Portanto, há que se reconhecer que, se os vencimentos se prestam à satisfação das obrigações assumidas pelo indivíduo, na hipótese de este descumpri-las sem justa causa, não demonstrando que a totalidade dos valores percebidos a título de salário está comprometida com suas necessidades básicas, nada obsta que parte dele seja contrista para a quitação da obrigação não paga.
O Tribunal de Justiça de São Paulo tem reconhecido essa possibilidade, especialmente quando há rendimento por parte do devedor que permita o pagamento “parcelado” do crédito com desconto coercitivo do salário, e em cotejo com a dignidade do credor, a exemplo do que se decidiu no TJSP. Agravo de Instrumento nº 2172385-56.2019.8.26.0000.
Na oportunidade do julgamento de tal recurso consignou-se que há casos em que o valor recebido pode superar o necessário para subsistência. Permitir que um devedor mantenha pleno conforto às expensas de seus credores é incompatível com a defesa de seu direito à dignidade como pessoa humana.
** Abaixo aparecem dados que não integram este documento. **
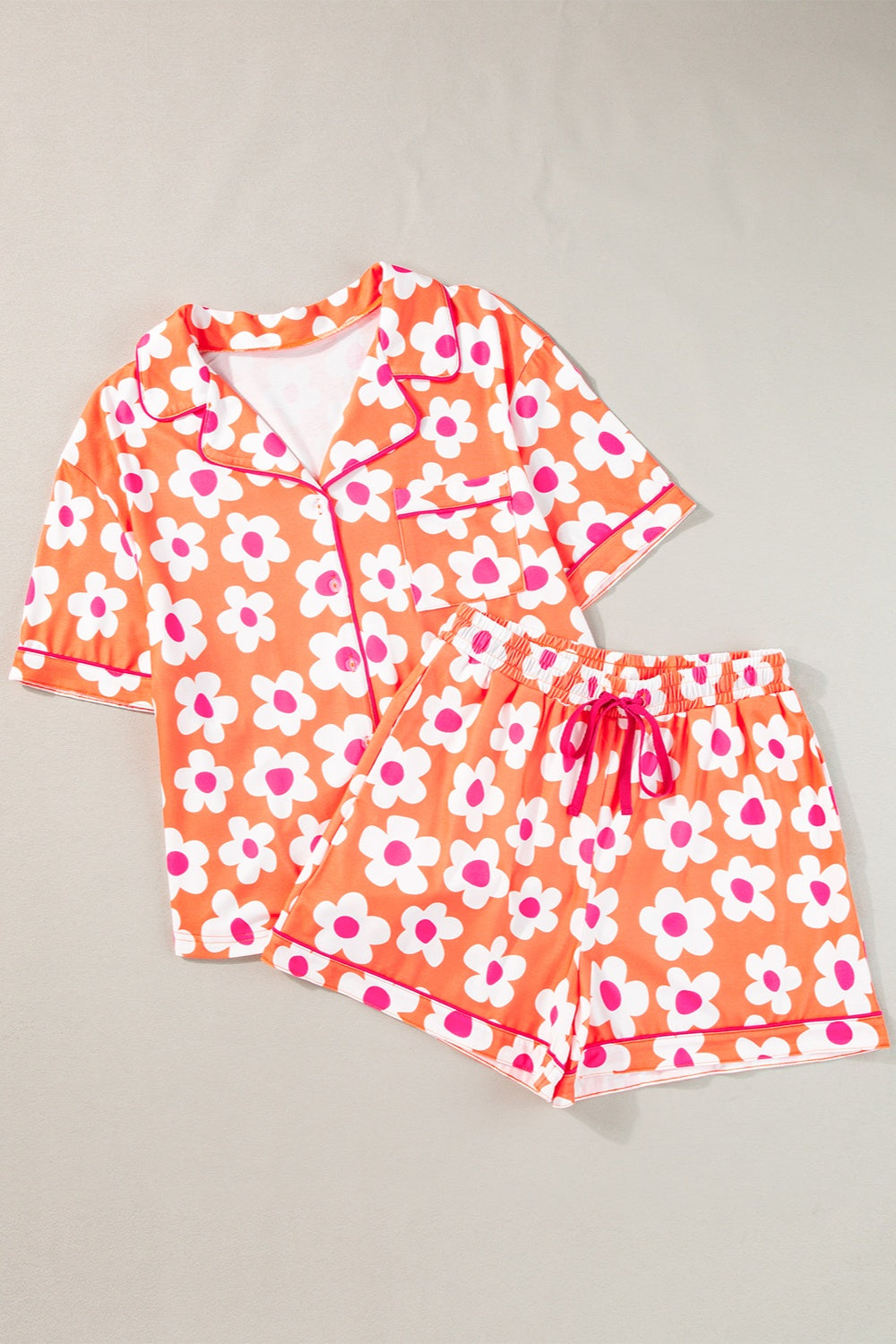 Pocketed Flower Half Sleeve Top and Shorts Lounge Set - ThingsWeUseAndLove Orange-XL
O instituto da impenhorabilidade tem como escopo garantir a dignidade do devedor, mas não pode servir de escudo para a manutenção de privilégios e comodidades às custas da derrocada de seus credores.
Nesta toada, embora não se olvide a impenhorabilidade inicial do salário, tendo em vista sua finalidade precípua de prover a subsistência do indivíduo, não pode essa garantia se transformar em verdadeira “carta branca” para a inadimplência e cabe ao Poder Judiciário a análise concreta das situações trazidas a ele para verificar se o devedor não está abusando desta proteção para violar a dignidade e o direito do credor.
Como bem resumiu em seu brilhante voto o Excelentíssimo Desembargador L. G. Costa Wagner, da 34ª Câmara de Direito Privado do Tribunal de Justiça de São Paulo, no Agravo de Instrumento nº 2061020-94.2019.8.26.0000, ao tratar de medidas atípicas, mas com ratio decidendi que pode ser aqui aplicada:
Por detrás de discussões como a aqui travada está a credibilidade do Poder Judiciário e a mensagem de qual tipo de sociedade queremos deixar para o futuro: Comodismo, inadimplência, irresponsabilidade, prestígio aos devedores contumazes, ou seriedade, honradez e culto ao cumprimento de obrigações.
[1] DONIZETTI, Elpídio, Curso Didático de Direito Processual Civil, 16°Edição, São Paulo: Atlas, 2012.